Lisa Broadnax — Lisa Broadnax was Treasurer of MILRSO in 2003 and is the current Co-Chair of the Student Assembly Finance Commission. But her greatest joy at Cornell has been raising over $26,500 for the endeavors of Les Femmes de Substance, “a Mobilization through Sisterly Love.” The Chicago, Ill. native has big dreams. “When I grow up, I want to be a successful Labor Arbitrator and contributing writer for a major women’s magazine publication addressing issues of Labor Economics of low-income families.”
Karleigh Burns — Field hockey captain Karleigh Burns was 2nd team all Ivy 2002 NFHCA Division I National Academic Squad. She has also received the Cornell Field Hockey Cup ’91 Award for freshman with the most potential. Off the field, Karleigh, from lovely Ambler, Pa. is a member of the Red Key Honor Society. Karleigh is currently applying for Teach for America and investigating looking into space planning positions with a consulting or architecon.s firm.
Peter S. Cohl — Think Cornell’s a pressure cooker? Try going to school and raising two kids at the same time. Mature student Peter Cohl is Chair of Cornell’s Image Committee, President of Students for Dean. and, oh yes, a Rhodes Scholar. A Detroit, Mich. native, Cohl is most proud of “getting Cornellians excited about remaking our image and demanding the respect we deserve.” He plans to acquire a J.D. and/or a PH.d and to use his plethora of degrees to “remake images, cities, and society with intensity and verve.”

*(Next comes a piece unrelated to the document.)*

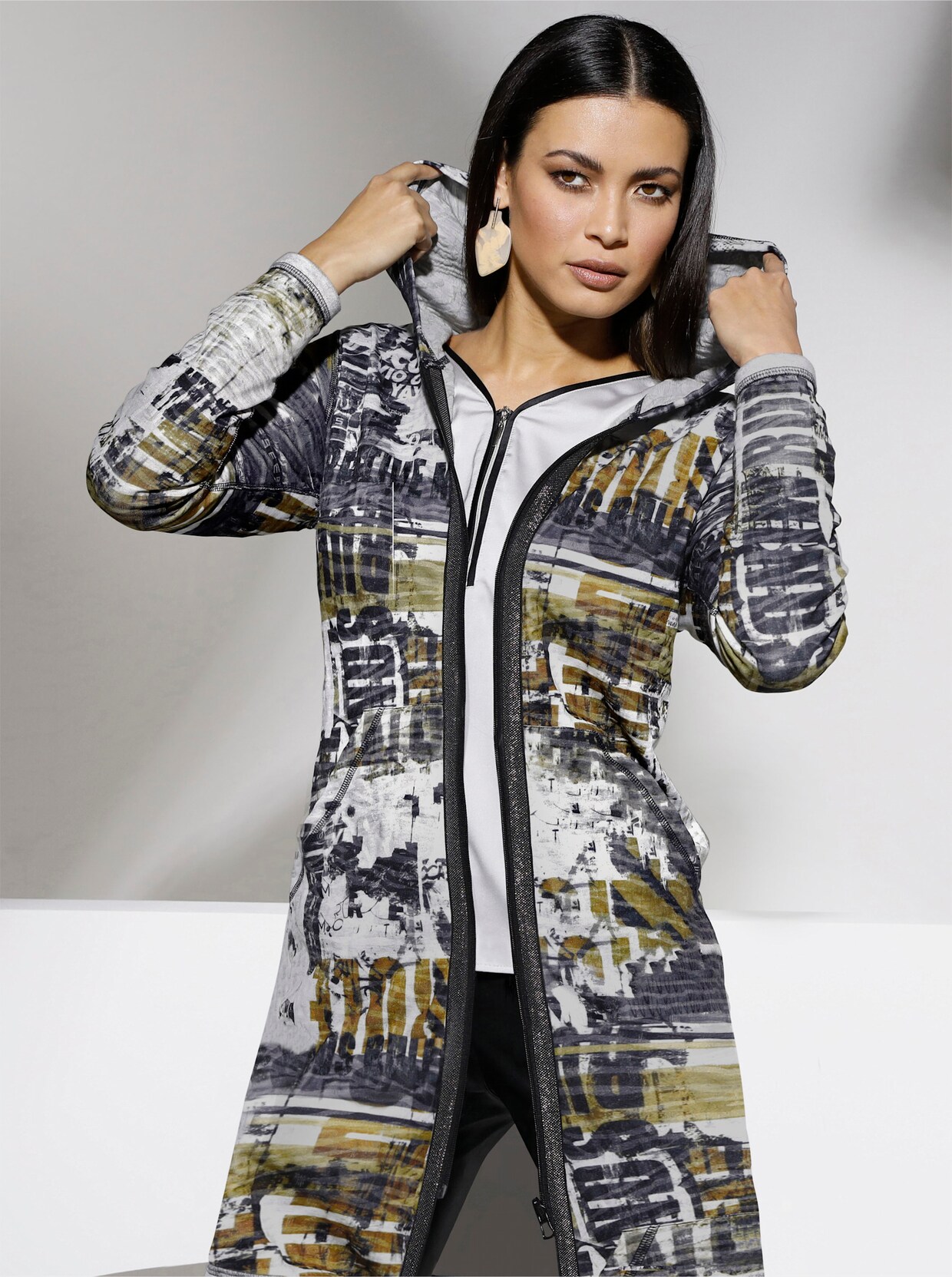 Strickjacke - hellgrau-ocker-bedruckt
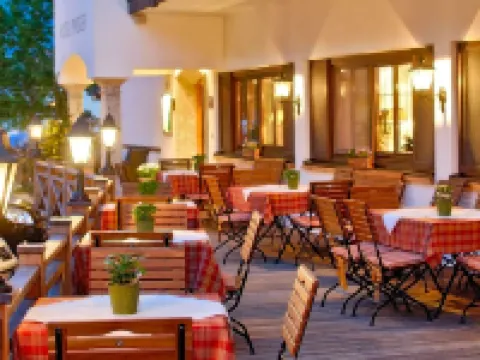 Der Pinzger Hotels in Stumm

Betsy Cooper — Betsy Cooper says that she hopes to eventually become an immigration lawyer with a specialty in refugee policy. But we have a feeling that, if she wanted to, she could rule the world. In her four years here, she’s founded the Cornell Political Coalition and been named Truman Scholar and a 2000 Presidential Scholar. So who’s going to argue with the girl from Amherst, N.Y. when she says she “dreams of a wonderful husband, 2.5 children, a cat and a white picket fence.”
Brian Donnelly — Brian Donnelly knows the secrets of Cornell. He’s Historian of the prestigious Quill & Dagger, Battalion commander in ROTC, member of the National Society of Collegiate Scholars, and Semper Fidelius. Donnelly, however, still considers his greatest accomplishment to be the rehabilitation under his Presidency of his fraternity, Phi Sigma Kappa, after it was almost eliminated for hazing. Hailing from South Plainfield, N.J., Brian will be be commissioned as a 2nd Lieutenant in the US Marine Corps after graduation.

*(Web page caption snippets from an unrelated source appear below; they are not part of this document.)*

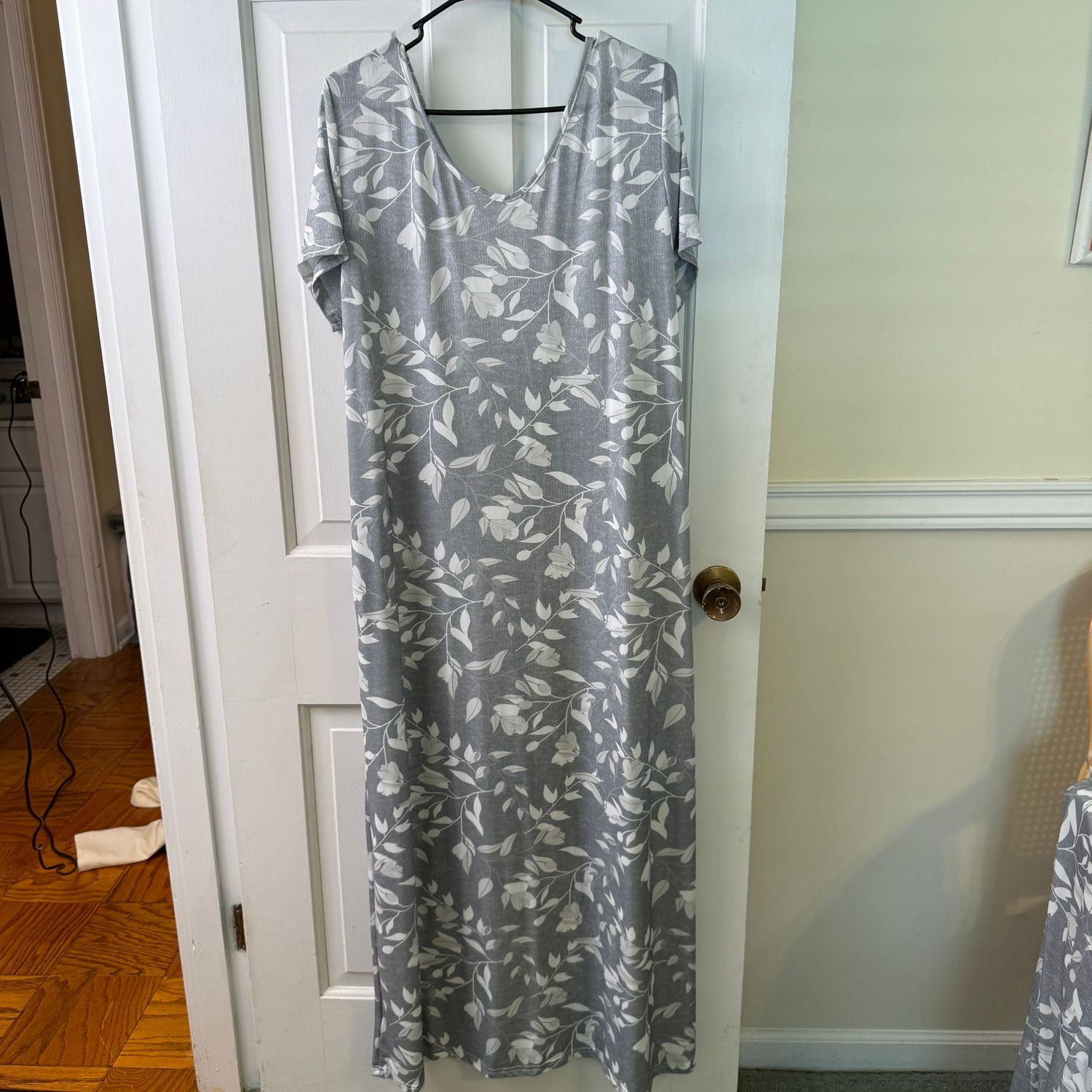 Beyond This Place grey and white floral nightgown/house dress size XL (2 avail.)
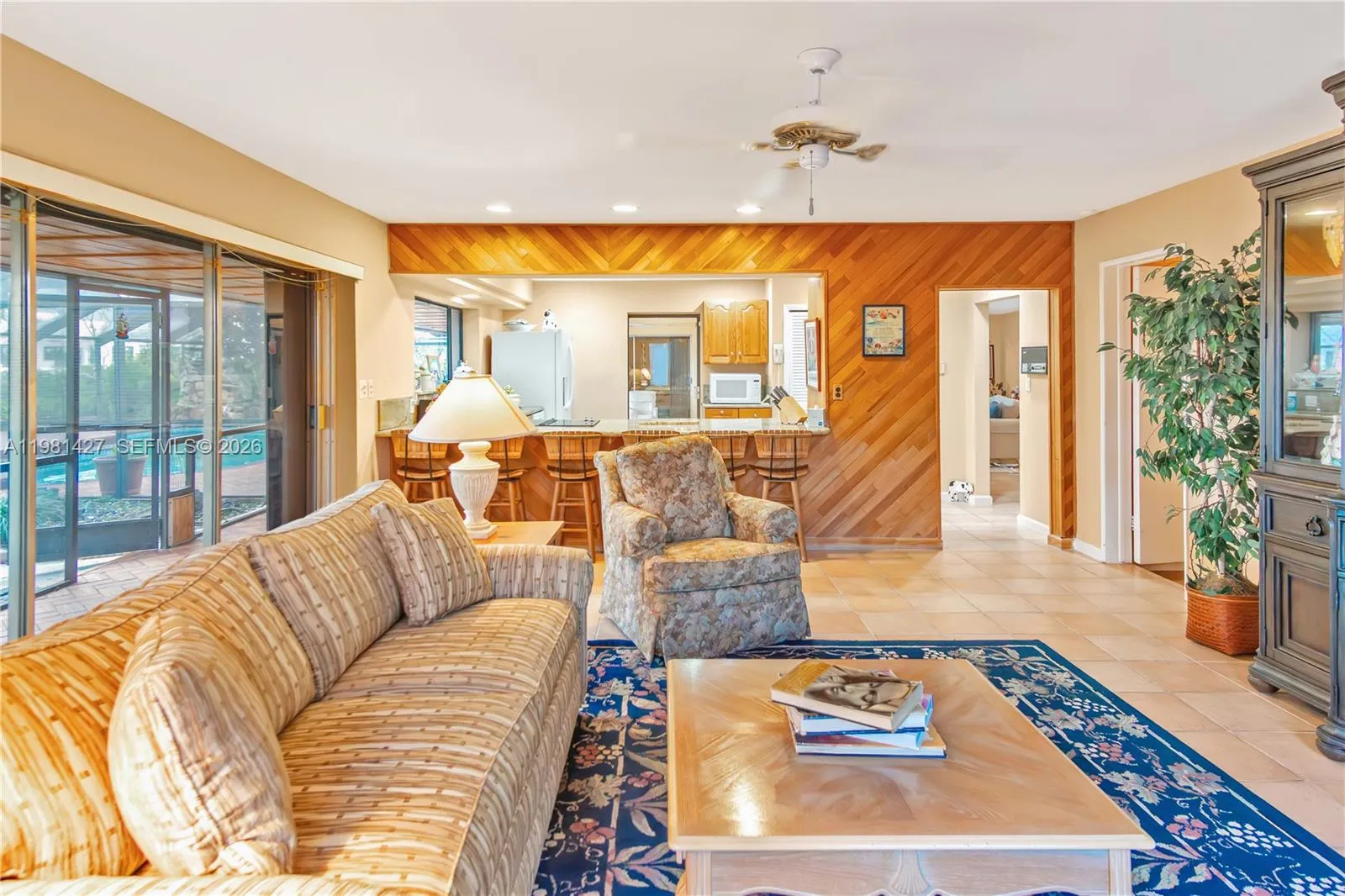 4725 Sw 89th Ave, Miami, Florida 33165, Miami, Florida 33165, 4 Bedrooms Bedrooms, ,2 BathroomsBathrooms,Residential,For Sale,4725 Sw 89th Ave, Miami, Florida 33165,A11981427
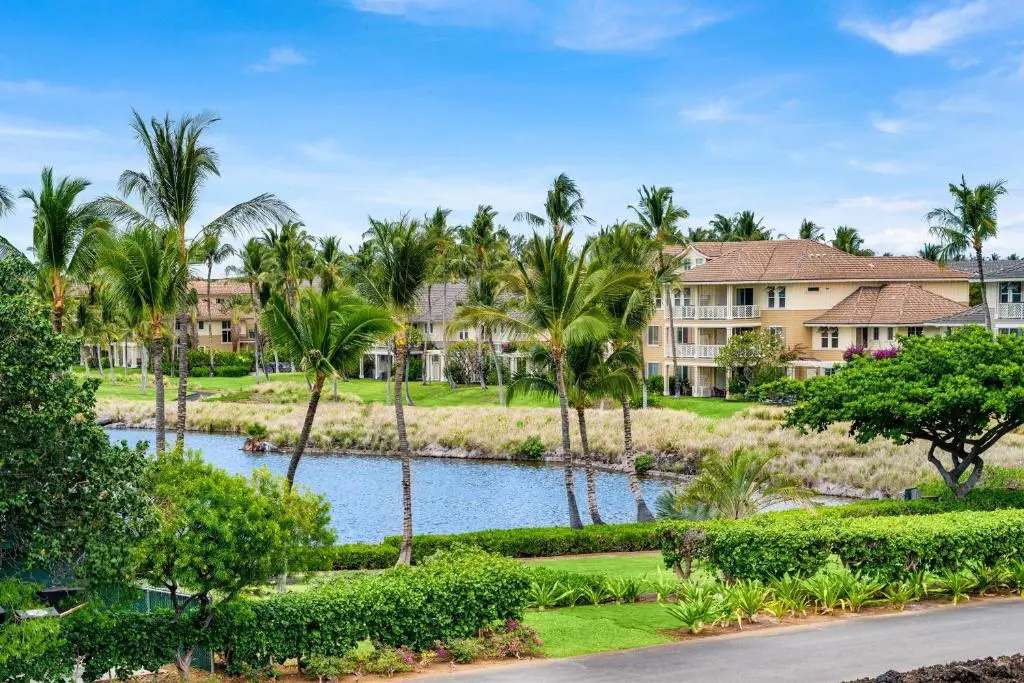 Waikoloa Beach S E33 2 Bedroom Condo by RedAwning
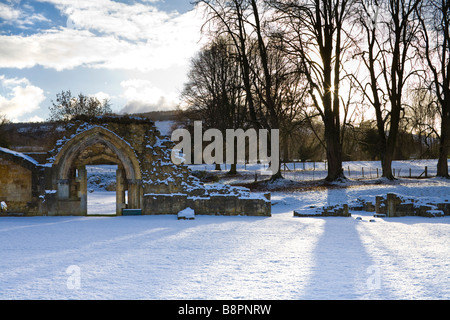 Winterschnee auf den Cotswolds Hailes Abbey, Gloucestershire Stockfoto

Meghan Dubyak — Proving once and for all that members of AAP can actually be found outside of Rand or Sibley, Meghan Dubyak is President of the Cornell Panhellenic Association and Student Legislative Assistant, Cornell Office of Government and Community Relations. Born in Shaker Heights, Ohio, Dubyak spent a formative summer in the big city on a Government Scholars Fellowship working in the Mayoral offices and with city agencies. After she graduates, she will “pursue a career in legislative politics. Eventually, I’d love to run for public office.”
Paul El-Meouchy — As president of the IFC, Paul El-Meouchy has concerned himself endlessly with sex and drugs. To put it more accurately, Paul designed and implemented both SHAG (Sexual Health Awareness for Greeks) and the BYOB policy. While the alcohol policy still has a ways to go, SHAG has been a resounding success in its mission to educate new members of the Greek community about STD and sexual assault prevention. A native of Montreal, Quebec, Paul hopes to “work for Canada’s Department of Foreign Affaires.”